21 February 2009

Baseball Links Introduced

I've added a links section to my page, with the following awesome sites:

MLB Trade Rumors--I check this page several times a day. It gathers all the latest rumors and announcements on trades, free agent signings, roster moves, and the like. It also provides links to the many articles it cites and gives well-informed feedback, judging the seriousness of each rumor and the implications behind a move. E.g. The Crede signing and early talk of a midseason Halladay trade.

Baseball-reference.com--This is an amazing site giving career statistics for players past and present. You can also link into the minor league section, which will give you minor league stats since they became readily available. I'll often check here to see how much time a given player has spent at each position in their major and minor league years. E.g. Mark Teahen, 256 games at 3B, 229 at RF, 31 at LF, 23 at 1B, 6 at CF, and 1 at DH, in the Majors. In the minors, exclusively 3B, at least since the high-A Modesto A's. Some minor league data is incomplete, usually rookie and short-season leagues.

FanGraphs.com--Another stat site, Fangraphs gives you a lot of advanced sabermetric stats for free. You can see BB%, K%, LD%, FB%, GB%, HR/FB, wOBA, BABIP, WPA/LI, splits for pitch type, fielding value, career graphs, and their projection of an appropriate contract value. They also provide a convenient one-stop look at the Marcel, CHONE, Oliver, and Bill James projections. E.g. Shin-Soo Choo is projected by Marcel at a .373 wOBA, by CHONE at .354, by Oliver at .347, and by Bill James at .359. Average those out for .358.

MLB Depth Charts--A new discovery brought to my attention by MLB Trade Rumors, they've given a run-down of each team's likely roster set-up and depth chart, with a little commentary and a long list of who
might make the team. E.g. They've already updated Joe Crede into the 3B slot, describing him thus: "hit .252 with 16 HR's and 49 RBI's in the first half of the season as he was named to his first all-star team but he only batted 39 times the rest of the way because of a back injury." They do seem to rely on AVG a lot in their descriptions, but just in a quick here's-what-the-guy-looked-like kind of way.

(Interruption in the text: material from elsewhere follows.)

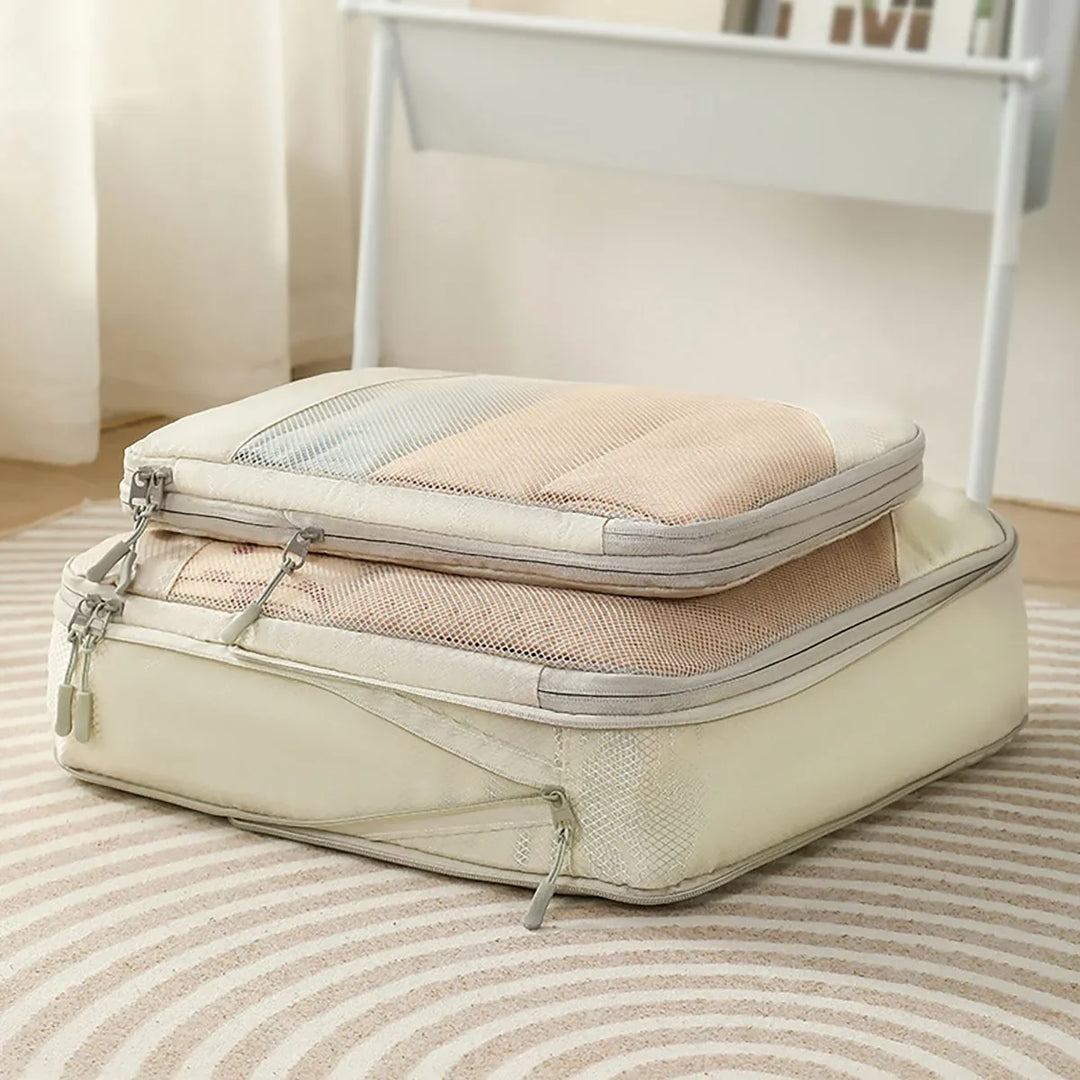 Organisateur de compression pour valise, réduit le volume des vêtements, optimisation du rangement pour voyage.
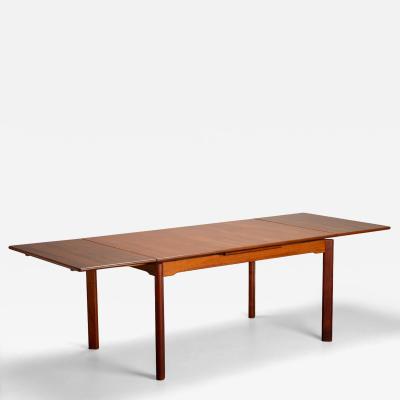 Scandinavian Modern Danish Teak Extendable Dining Table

Inside The Book--run by Tom Tango and the crew who wrote The Book: Playing the Percentages in Baseball, there is a lot of wonderfully statistic sabermetric discussion here. Look in the comments under the headings of their blog, and you will find numbers-based discussions of what's happening in the baseball world. E.g. They've had plenty of discussion on the 'true value' of the free agents on this year's market.

Hardball Times--another fun site of sabermetric analysis. I've read several articles here recently utilizing the PITCHf/x data and starting to draw analytical conclusions from the data. E.g. Hitters have trouble hitting the low-outside fastball at any speed, but are consistently better at nailing the middle-in fastball the slower it goes. Based on math now, not intuition.

I'll probably add to the sites in the future; these are just the ones I thought of now. I've been frequenting them, as I build my perceptions about the coming season and beyond.

Speaking of which, I've been waffling, and I'm not as sold on the Twins as I was earlier, though Crede bumps them back up. I'm starting to slot Chicago into #2 in the AL Central. And while I might bump the Yankees up to #2 in the East over the Rays, it's quite close. I love Boston's depth, and I think they're still the team to beat, not only in the AL East, but probably in the Majors.